Getting page text as a string[edit | edit source]

An example of reading the contents of a webpage

import urllib.request as urllib
pageText = urllib.urlopen("http://www.spam.org/eggs.html").read()
print(pageText)

Processing page text line by line:

import urllib.request as urllib
for line in urllib.urlopen("https://en.wikibooks.org/wiki/Python_Programming/Internet"):
  print(line)

Get and post methods can be used, too.

import urllib.request as urllib
params = urllib.urlencode({"plato":1, "socrates":10, "sophokles":4, "arkhimedes":11})

# Using GET method
pageText = urllib.urlopen("http://international-philosophy.com/greece?%s" % params).read()
print(pageText)

# Using POST method
pageText = urllib.urlopen("http://international-philosophy.com/greece", params).read()
print(pageText)

Downloading files[edit | edit source]

To save the content of a page on the internet directly to a file, you can read() it and save it as a string to a file object

import urllib2
data = urllib2.urlopen("http://upload.wikimedia.org/wikibooks/en/9/91/Python_Programming.pdf", "pythonbook.pdf").read() # not recommended as if you are downloading 1gb+ file, will store all data in ram.
file =  open('Python_Programming.pdf','wb')
file.write(data)
file.close()

This will download the file from here and save it to a file "pythonbook.pdf" on your hard drive.

Other functions[edit | edit source]

The urllib module includes other functions that may be helpful when writing programs that use the internet:

>>> plain_text = "This isn't suitable for putting in a URL"
>>> print(urllib.quote(plain_text))
This%20isn%27t%20suitable%20for%20putting%20in%20a%20URL
>>> print(urllib.quote_plus(plain_text))
This+isn%27t+suitable+for+putting+in+a+URL

The urlencode function, described above converts a dictionary of key-value pairs into a query string to pass to a URL, the quote and quote_plus functions encode normal strings.
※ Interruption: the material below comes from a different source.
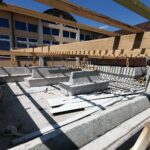 07.07.2021. Kazimierza Wielka. Basen. Prace budowlane / Marta Gajda / Radio Kielce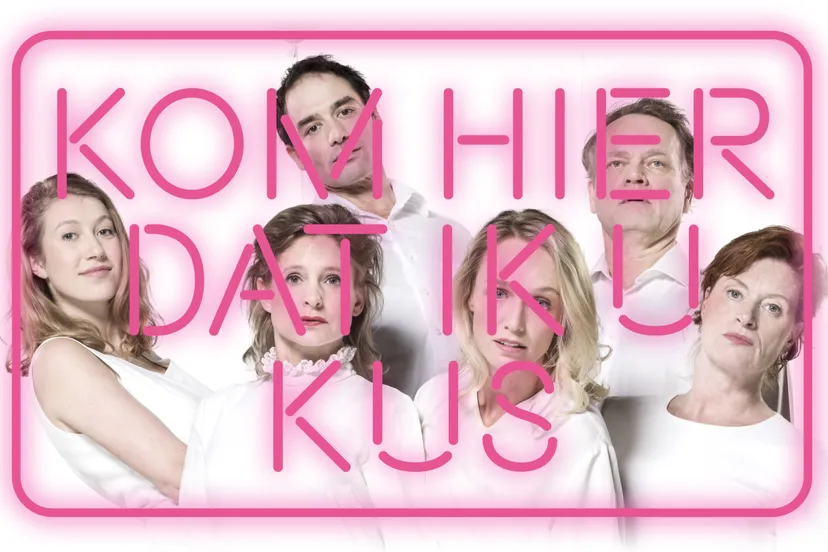 kom hier dat ik u kus hummelinck stuurman theaterproducties foto piek belettering studio bunder horizontaal 2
The quote_plus function uses plus signs for spaces, for use in submitting data for form fields. The unquote and unquote_plus functions do the reverse, converting urlencoded text to plain text.

Email[edit | edit source]

With Python, MIME compatible emails can be sent. This requires an installed SMTP server.

import smtplib
from email.mime.text import MIMEText

msg = MIMEText( 
"""Hi there,

This is a test email message.

Greetings""")

me  = 'sender@example.com'
you = 'receiver@example.com'
msg['Subject'] = 'Hello!'
msg['From'] =  me
msg['To'] =  you
s = smtplib.SMTP()
s.connect()
s.sendmail(me, [you], msg.as_string())
s.quit()

This sends the sample message from 'sender@example.com' to 'receiver@example.com'.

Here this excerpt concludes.